Paul Carr, who started writing for TechCrunch not long ago, is an entertaining writer, and he often puts his finger on issues that others tend to avoid in their headlong rush towards whatever is shiny and new, which is why I’m glad Mike Arrington hired him. But I think his latest rant against “citizen journalism” is misplaced. In the piece, which is entitled “After Fort Hood, another example of how ‘citizen journalists’ can’t handle the truth,” Carr talks about how a soldier on the base where the shootings occurred last week was posting to Twitter throughout the ordeal.
Tearah Moore, who recently returned from Iraq, posted a number of comments about what was happening, including the fact that stretchers were being brought in, that one person had allegedly been shot in the testicles, and that the shooter had died. Among other things, Carr notes that Moore’s tweet about the shooter being dead was wrong (although she didn’t say that she knew this, she just commented on it). But his main complaint seems to be that her tweets about someone being shot in the testicles, etc. had no redeeming value and were therefore “entertainment or tragi-porn.”

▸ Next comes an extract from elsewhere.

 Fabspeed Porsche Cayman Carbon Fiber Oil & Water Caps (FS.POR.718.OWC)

As he puts it, her behaviour had nothing to do with getting the word out but was a case of “look at me looking at this.” He then goes on to say that the tweeting of events during protests in Iran did nothing to actually change events in that country, and that all of this so-called “citizen journalism” is merely selfish and egotistical. And finally, he argues that this applies to the shocking video footage of Neda Agha Soltan’s death in Iran — that the person shooting the video didn’t try to help, but simply engaged in a cruel and unfeeling act of voyeurism.
The question of whether bystanders or observers should intervene in emergency situation is a worthwhile debate to have, but I don’t think Carr’s examples meet the test.

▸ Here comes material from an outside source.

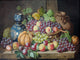 Fruits Grapes Peaches Pumpkin Tile Mural Bathroom Wall Backsplash, 6"x8", Glossy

Tearah Moore isn’t a medical person, nor was she a military police officer, so the idea that she should have either been helping victims or tracking down the shooter instead of posting to Twitter is a little absurd. As for Neda Soltan, she was being attended to by a doctor while the person videotaping was there. What more could have been done?
As far as I’m concerned, I’m glad that someone was there to videotape it and let the outside world know about it — just as I’m glad someone was there to record Nguyen Van Lem being shot in the head, or Phai Thi Kim Phuc (who now lives in Toronto) running down the road in Vietnam after having her clothes burned off by a napalm attack. Would Carr rather that no one had videotaped Neda’s senseless death at all? It’s one thing to argue that tweeting from Iran was useless, but Neda’s death very clearly galvanized protests in that country, and international criticism. And while Tearah Moore posting observations to Twitter might not have accomplished much either, it easily could have, had events gone in a different direction.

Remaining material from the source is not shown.